§ What you need to do:
An exact copy is needed of the lines in the entries below from the line with "Hello everyone. Today, let" up to and including the line with "For now, let's", and of nothing else. Leave the pictures out.

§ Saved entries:
○ ○ ○

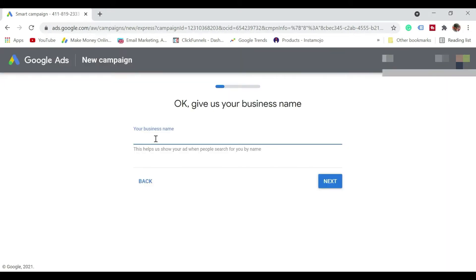So it says your business name. So I'm just going to say as Sriram Baenur. So that's what I'm going to mention. Click on next.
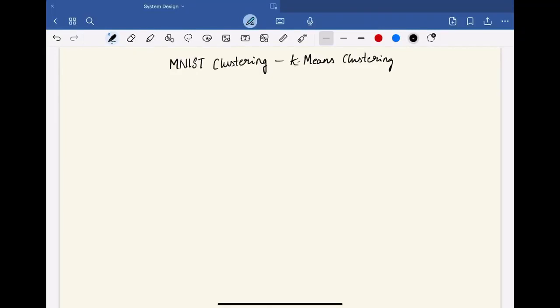Hello everyone. Today, let us see how we can cluster the MNIST data using k-means clustering.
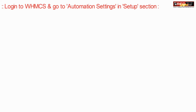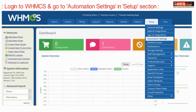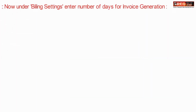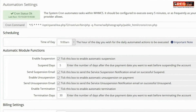To do that, login to WHMCS and go to Automation Settings under the Setup section. Here, under Billing Settings, enter the number of days for invoice generation.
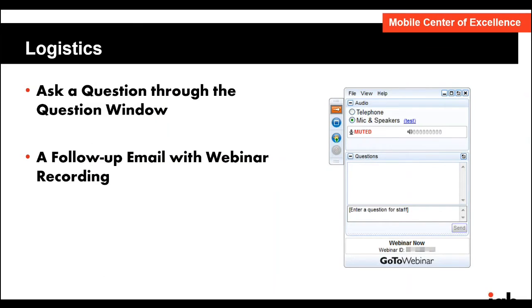A couple of notes on logistics before we get started. Everyone is muted. Feel free to ask questions at any time during the webinar through the question window on the control panel. We'll answer some questions as we go along and queue up some for the Q&A session at the end. One question we get a lot is whether a recording of the webinar will be available — the answer is yes. We'll send you a follow-up email after the webinar with the recording.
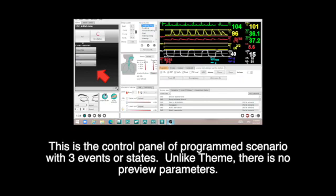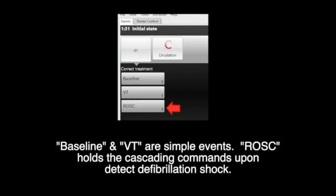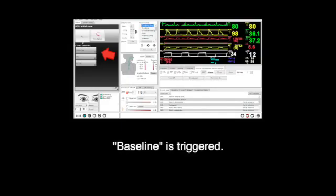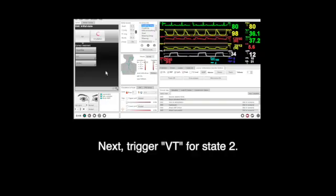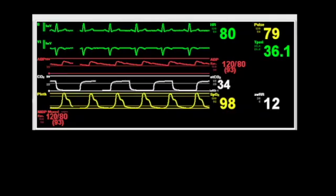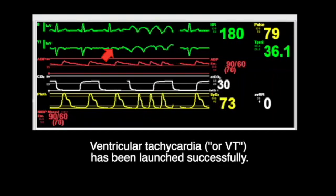Demonstrations of program scenario with LIBTS instructor applications. This is the control panel of program scenario with three events or states. Unlike themes, there is no parameter preview. Baseline and VT are simple events. ROSC holds the cascading commands upon detecting a defibrillation shock. Baseline is triggered — this is the baseline on the patient monitor. Next, trigger VT for state 2. Ventricular tachycardia has been launched successfully.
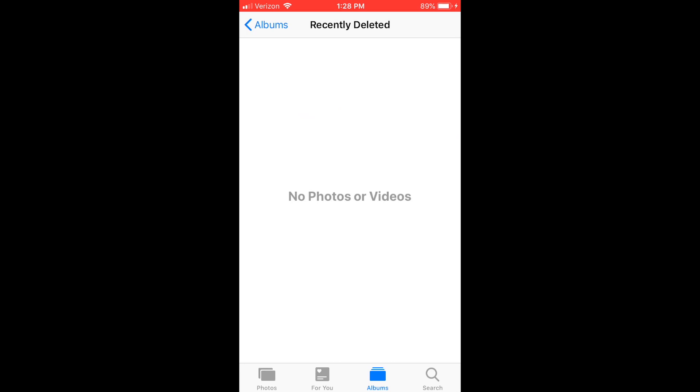This is the best way to delete multiple or all of your photos from your iPhone.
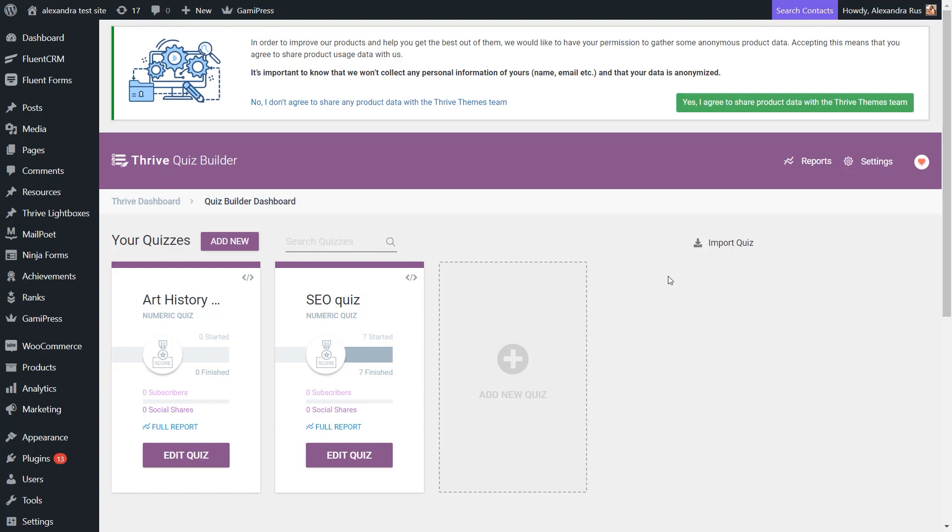This is helpful in situations where you have a quiz embedded on a Thrive Apprentice lesson and you plan on enabling the Mark as Complete feature. This feature allows you to decide which students of your online course can proceed to the next lesson in Thrive Apprentice based solely on their quiz results.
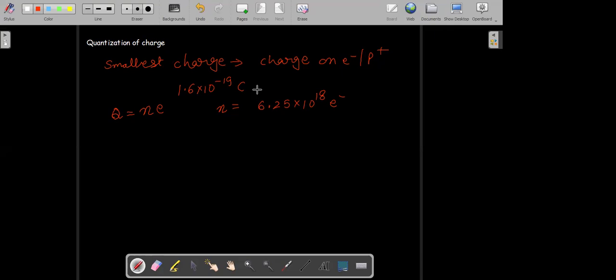So you can say that 1 coulomb is a big charge and the charge on an electron is very small — 1.6 × 10⁻¹⁹ coulomb. This property where we calculate q = Ne is called quantization of charge. That means charges occur as discrete multiples of the electron. You cannot break down the charge of an electron; it can't be broken down further.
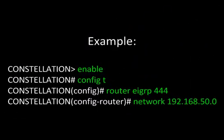Here's an example of configuring EIGRP. First, go to privilege mode with enable. Then go to global configuration mode with config T. Then go to router configuration mode with router, EIGRP, and specify the autonomous system number like 444. Finally, in router configuration mode, specify the networks you wish to advertise like 192.168.50.0.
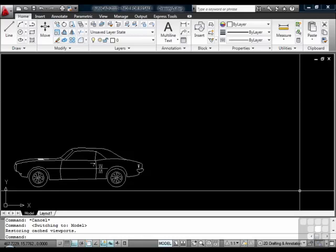For now, let's keep it simple. Model Space is where your drawing objects go. Your lines, your arcs, your circles.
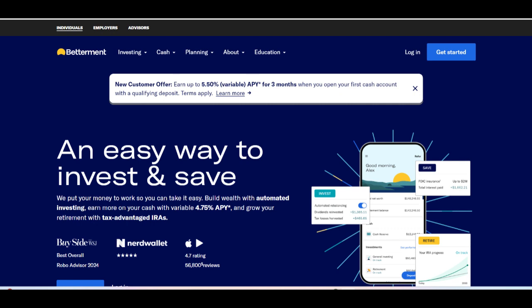In summary, Betterment Savings provides a high-yield savings option with competitive interest rates and convenient features for users looking to maximize their savings. While Betterment Savings offers accessibility and integration with other Betterment products, potential users should weigh the lack of physical branches and other traditional banking perks before deciding if Betterment Savings aligns with their banking needs and preferences.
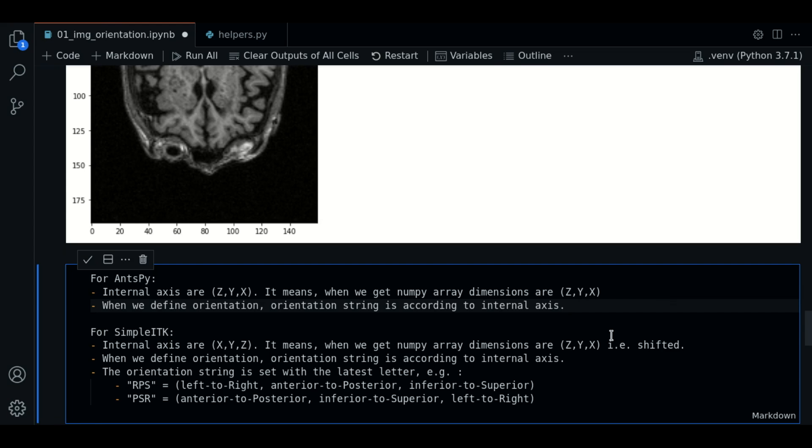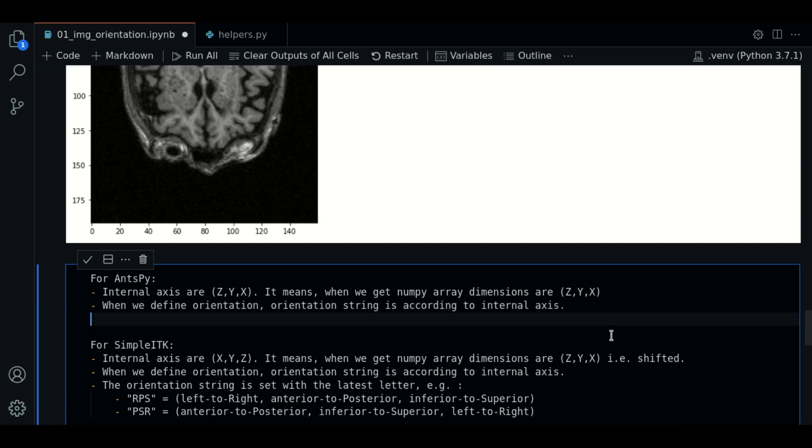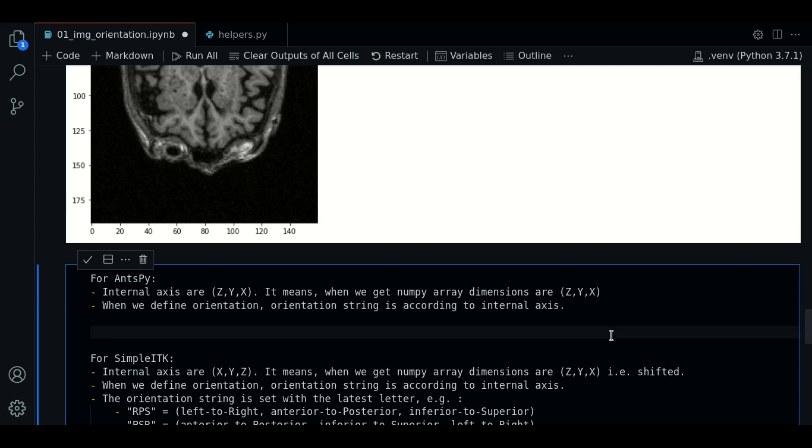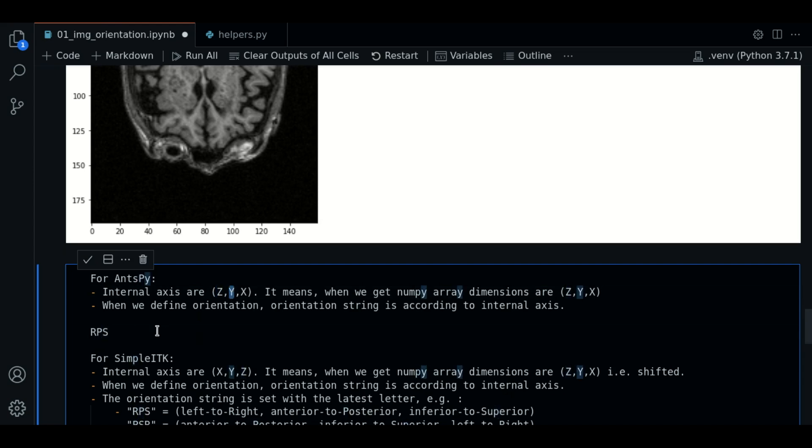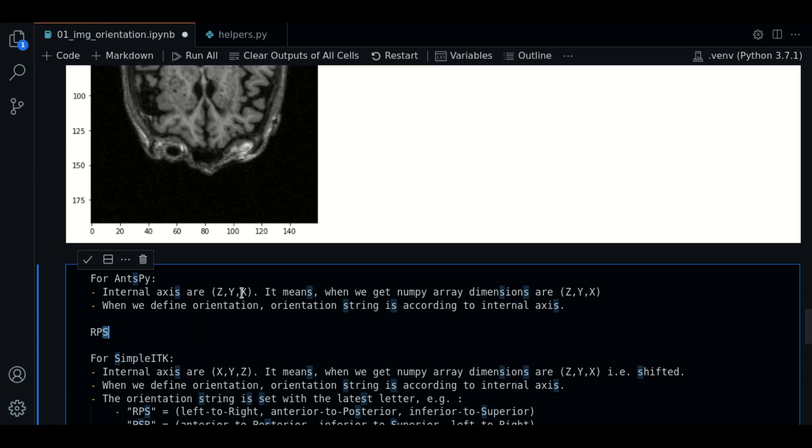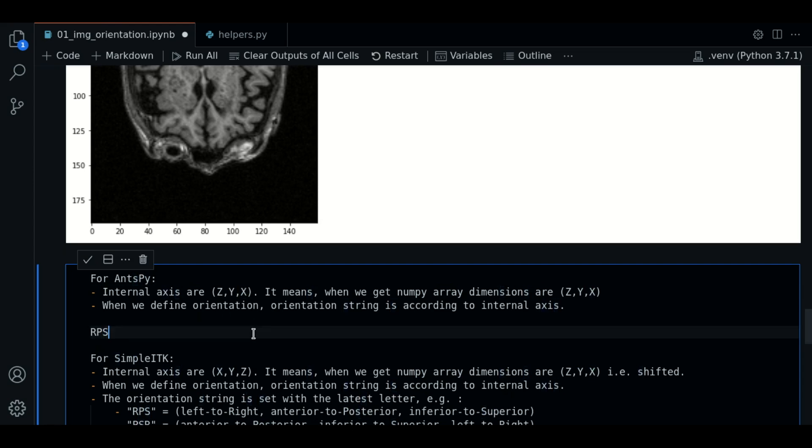And when we define the orientation string, orientation will be according to the internal axis. For example, the string RPS, the first letter will dictate the orientation of the first axis. This letter will be to the second axis. And so on. We have already talked about this.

○ ○ ○

§ Response below:
Hello everyone. Today, let us see how we can cluster the MNIST data using k-means clustering.
To do that, login to WHMCS and go to Automation Settings under the Setup section. Here, under Billing Settings, enter the number of days for invoice generation.
A couple of notes on logistics before we get started. Everyone is muted. Feel free to ask questions at any time during the webinar through the question window on the control panel. We'll answer some questions as we go along and queue up some for the Q&A session at the end. One question we get a lot is whether a recording of the webinar will be available — the answer is yes. We'll send you a follow-up email after the webinar with the recording.
Demonstrations of program scenario with LIBTS instructor applications. This is the control panel of program scenario with three events or states. Unlike themes, there is no parameter preview. Baseline and VT are simple events. ROSC holds the cascading commands upon detecting a defibrillation shock. Baseline is triggered — this is the baseline on the patient monitor. Next, trigger VT for state 2. Ventricular tachycardia has been launched successfully.
This is the best way to delete multiple or all of your photos from your iPhone.
This is helpful in situations where you have a quiz embedded on a Thrive Apprentice lesson and you plan on enabling the Mark as Complete feature. This feature allows you to decide which students of your online course can proceed to the next lesson in Thrive Apprentice based solely on their quiz results.
So you can say that 1 coulomb is a big charge and the charge on an electron is very small — 1.6 × 10⁻¹⁹ coulomb. This property where we calculate q = Ne is called quantization of charge. That means charges occur as discrete multiples of the electron. You cannot break down the charge of an electron; it can't be broken down further.
Here's an example of configuring EIGRP. First, go to privilege mode with enable. Then go to global configuration mode with config T. Then go to router configuration mode with router, EIGRP, and specify the autonomous system number like 444. Finally, in router configuration mode, specify the networks you wish to advertise like 192.168.50.0.
For now, let's keep it simple. Model Space is where your drawing objects go. Your lines, your arcs, your circles.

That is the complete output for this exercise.